For optimizing a concave function, which is the type of function you are talking about, without evaluating the derivative I would use the secant method.
Given the two initial values x[0]=0.0 and x[1]=1.0 I would proceed to compute the next approximations as:
def next_x(x, xprev):
return x - f(x) * (x - xprev) / (f(x) - f(xprev))
and thus compute x[2], x[3], ... until the change in x becomes small enough.
Edit: As Jive explains, this solution is for root finding which is not the question posed. For optimization the proper solution is the Brent minimizer as explained in his answer.
The Levenberg-Marquardt algorithm is a Newton's method like optimizer. It has a C/C++ implementation levmar that doesn't require you to define the derivative function. Instead it will evaluate the objective function in the current neighborhood to move to the maximum.
BTW: this website appears to be updated since I last visited it, hope it's even the same one I remembered. Apparently it now also support other languages.

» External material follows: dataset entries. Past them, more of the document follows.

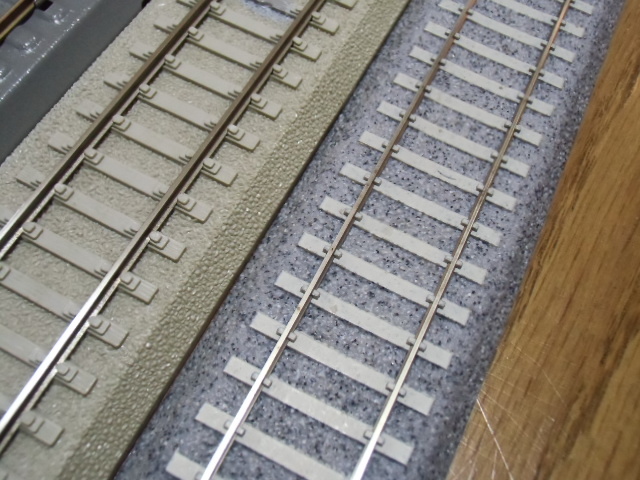 エンドウ ニューシステム線路 1/80 16.5mmゲージ用 R805複線用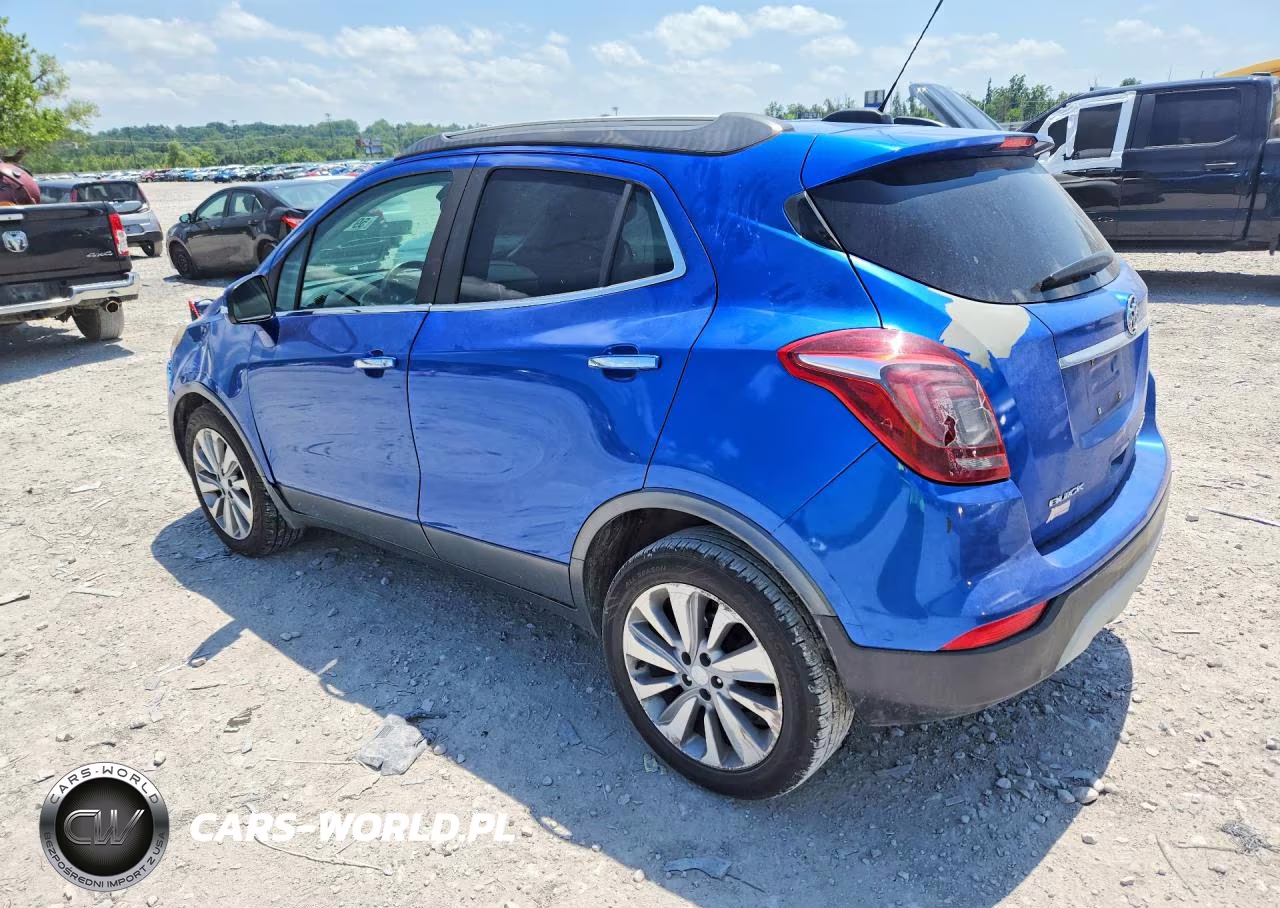 2017 Buick Encore Preferred VIN:KL4CJASBXHB161254 - 2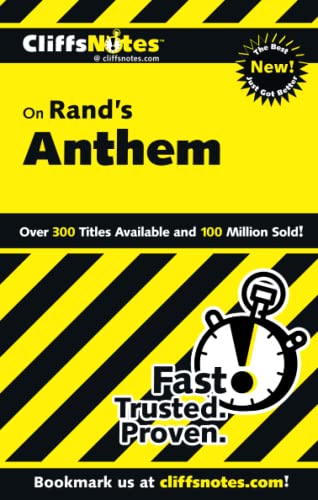 CliffsNotes on Rand's Anthem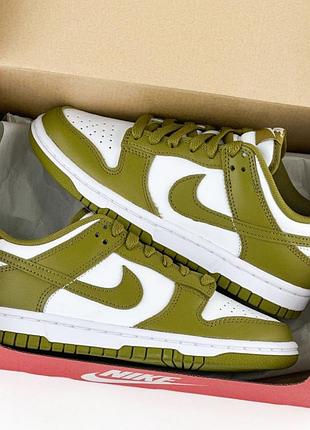 Кросівки nike dunk low retro pacific moss чоловічі оригінал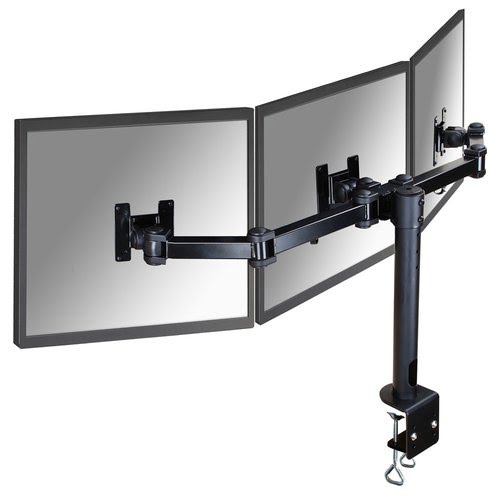 NewStar Desk Mount 3xScreen 10-21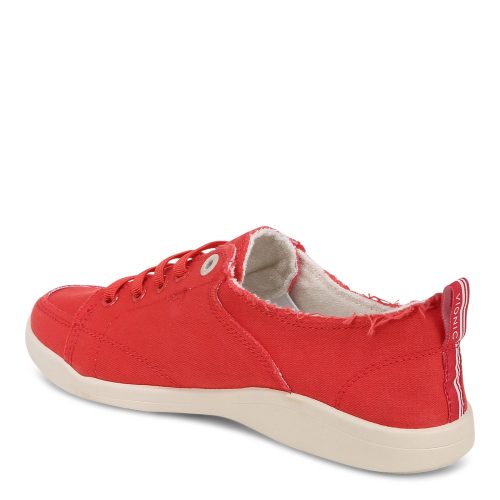 10011625601 Womens Vionic Beach Pismo Sneaker Red 4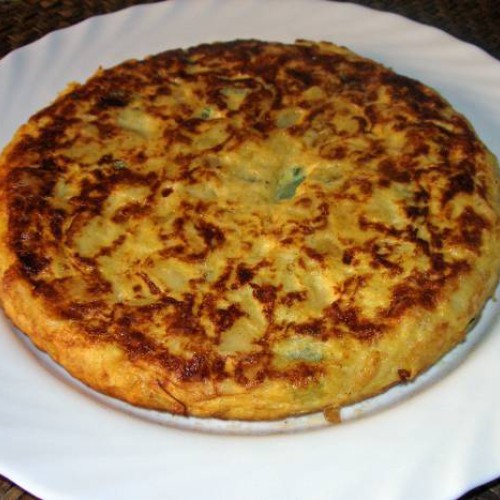 tortilla de patata cebolla y calabacín_gallina blanca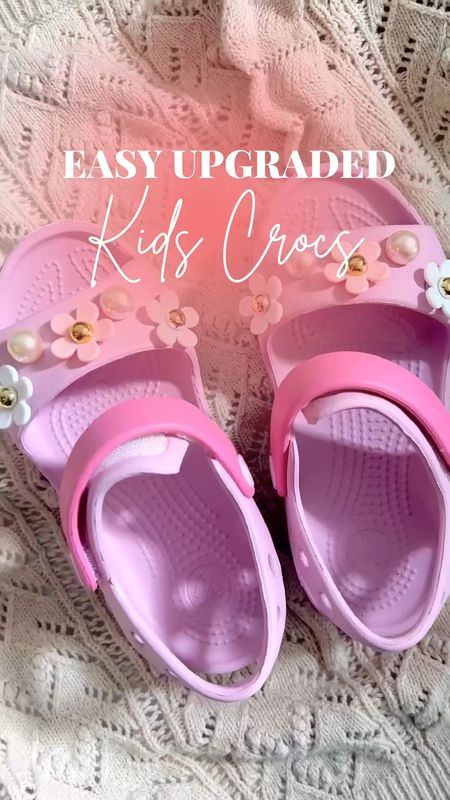 The Crocs accessory that helps me tolerate my kids’ crocs. ☠️🎀 Kids Crocs and Croc accessories are all on sale today! #primeday 

#LTKfamily #LTKkids #LTKsalealert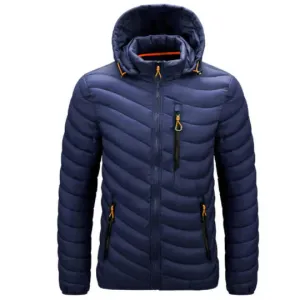 Men's Demarcus Quilted Jacket: Warm & Stylish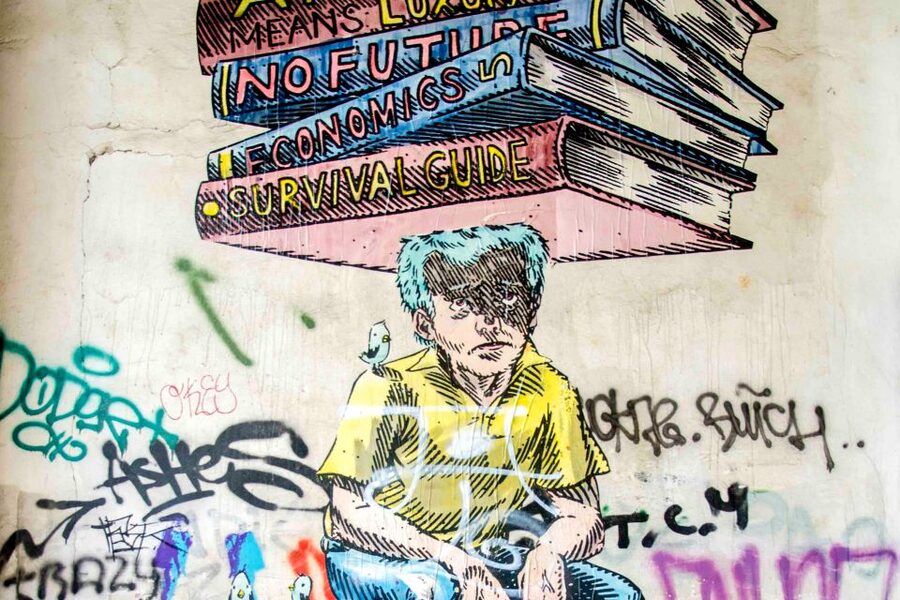 Athens: Guided Street Art Walking Tour - Monastiraki to Psyri: turning graffiti into a smarter map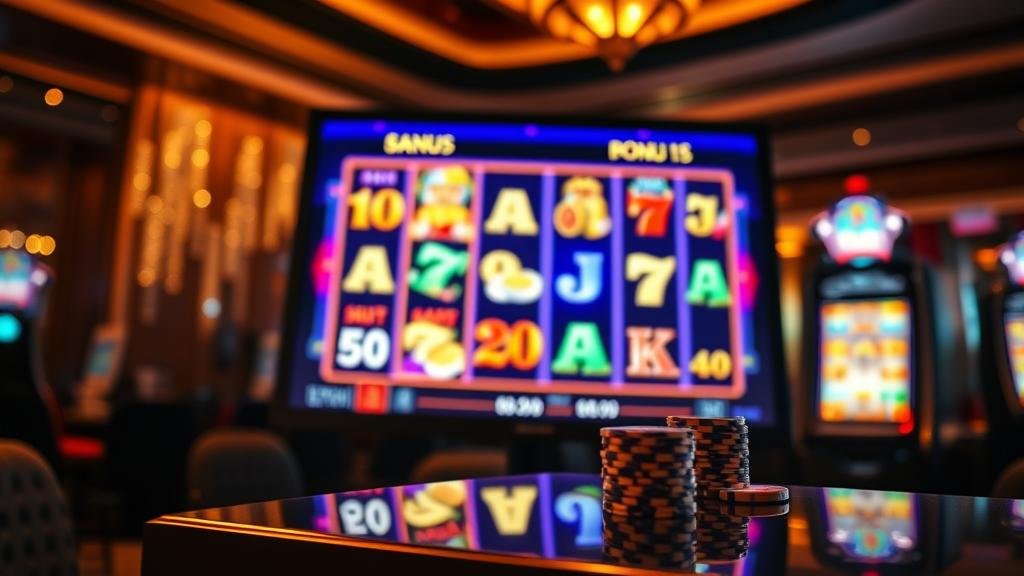 การตั้งค่าสล็อตบนคอมพิวเตอร์และการชนะรางวัล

Given that it's only a function of a single variable and has one extremum in the interval, you don't really need Newton's method. Some sort of line search algorithm should suffice. This wikipedia article is actually not a bad starting point, if short on details. Note in particular that you could just use the method described under "direct search", starting with the end points of your interval as your two points.
I'm not sure if you'd consider that an "exhaustive search", but it should actually be pretty fast I think for this sort of function (that is, a continuous, smooth function with only one local extremum in the given interval).

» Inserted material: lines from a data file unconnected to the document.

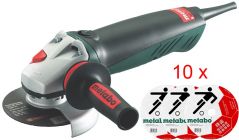 Болгарка Metabo WE 9-125 Quick
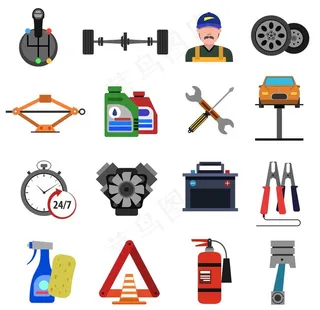 汽车维修图片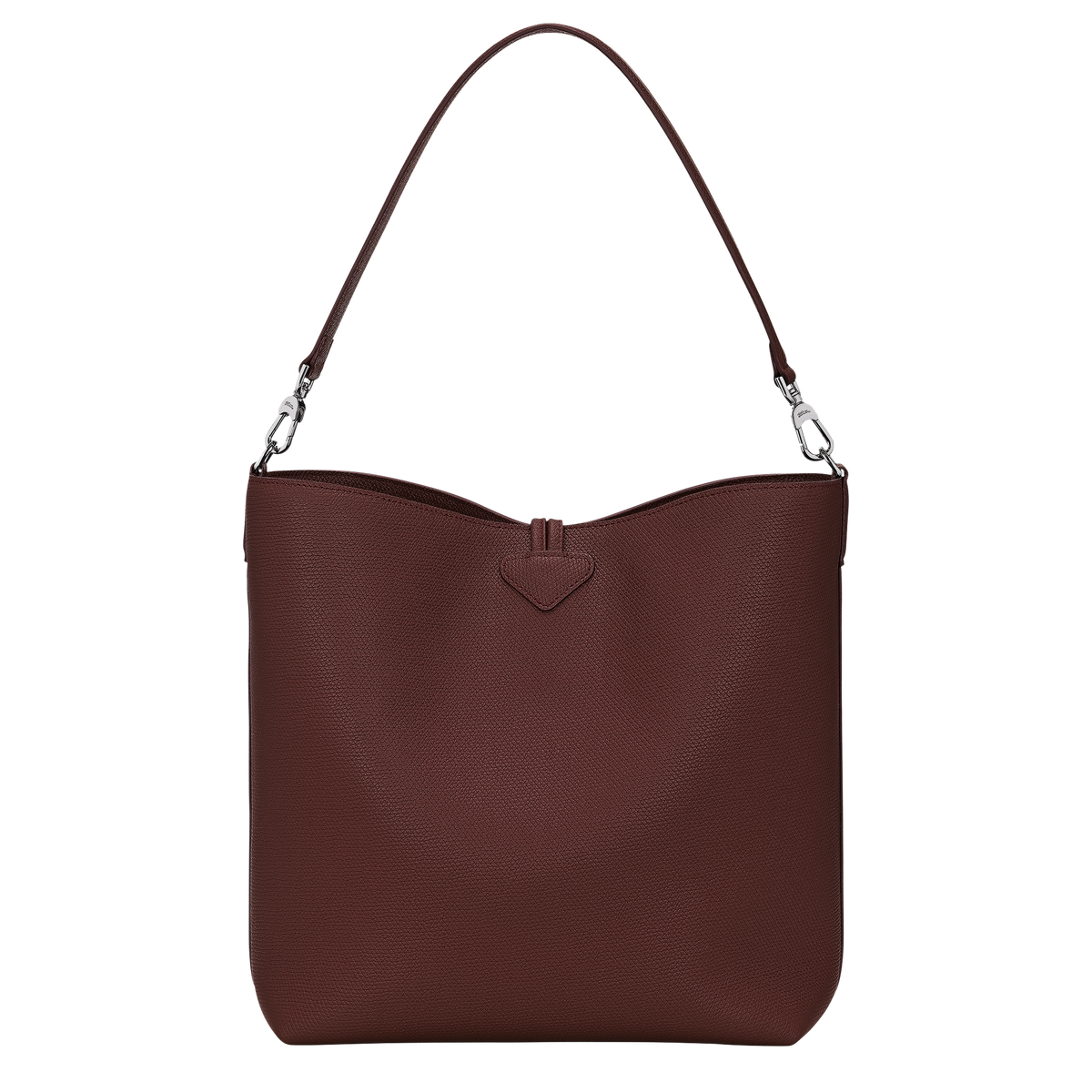 Longchamp Le Roseau M Hobo Bag - Burgundy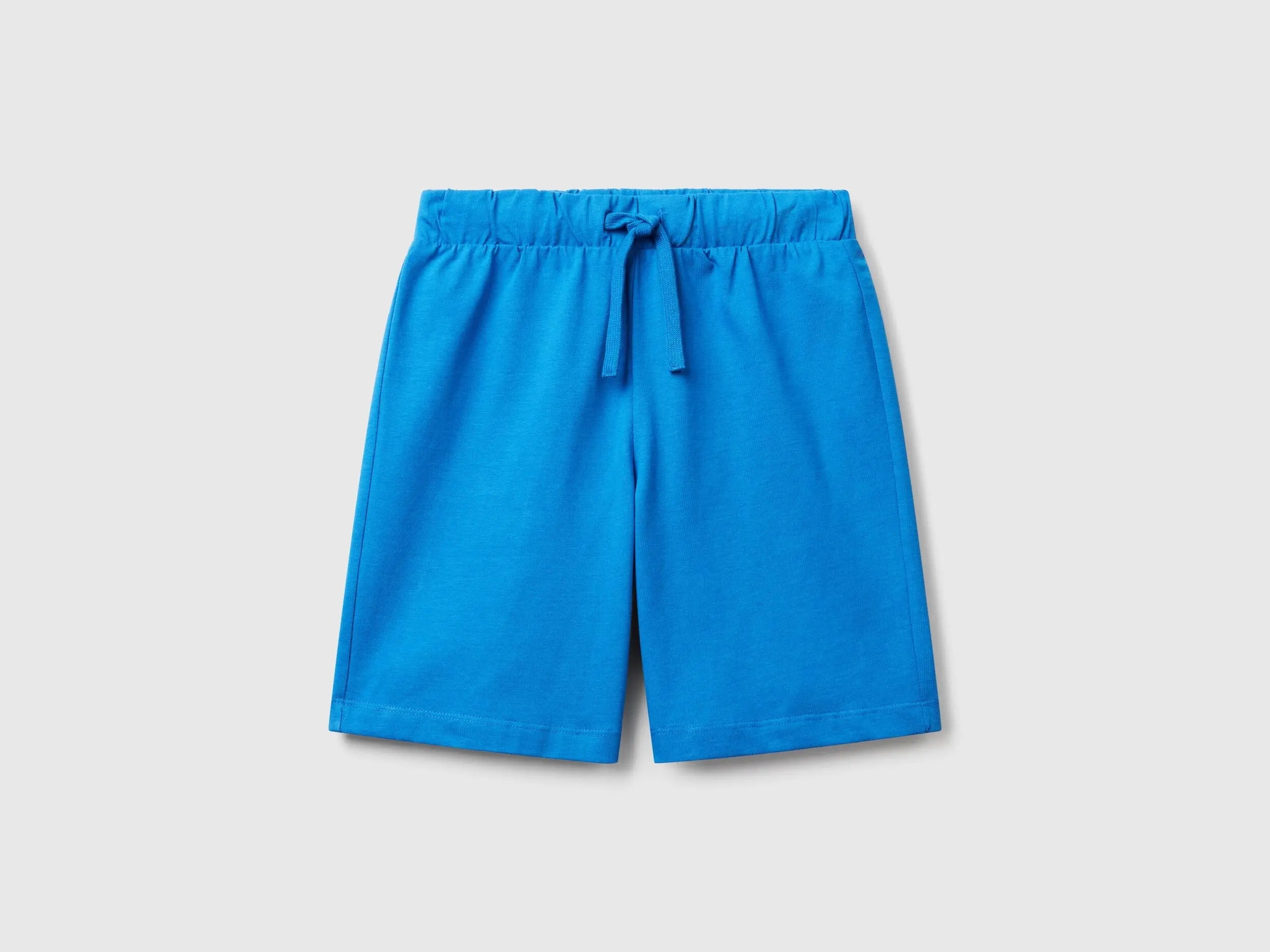 Benetton_100% Cotton Bermudas_3BL0C903L_05Q_01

You could reduce it to a simple linear fit on the delta's, finding the place where it crosses the x axis. Linear fit can be done very quickly.
Or just take 3 points (left/top/right) and fix the parabola.
It depends mostly on the nature of the underlying relation between x and y, I think.
edit this is in case you have an array of values like the question's title states. When you have a function take Newton-Raphson.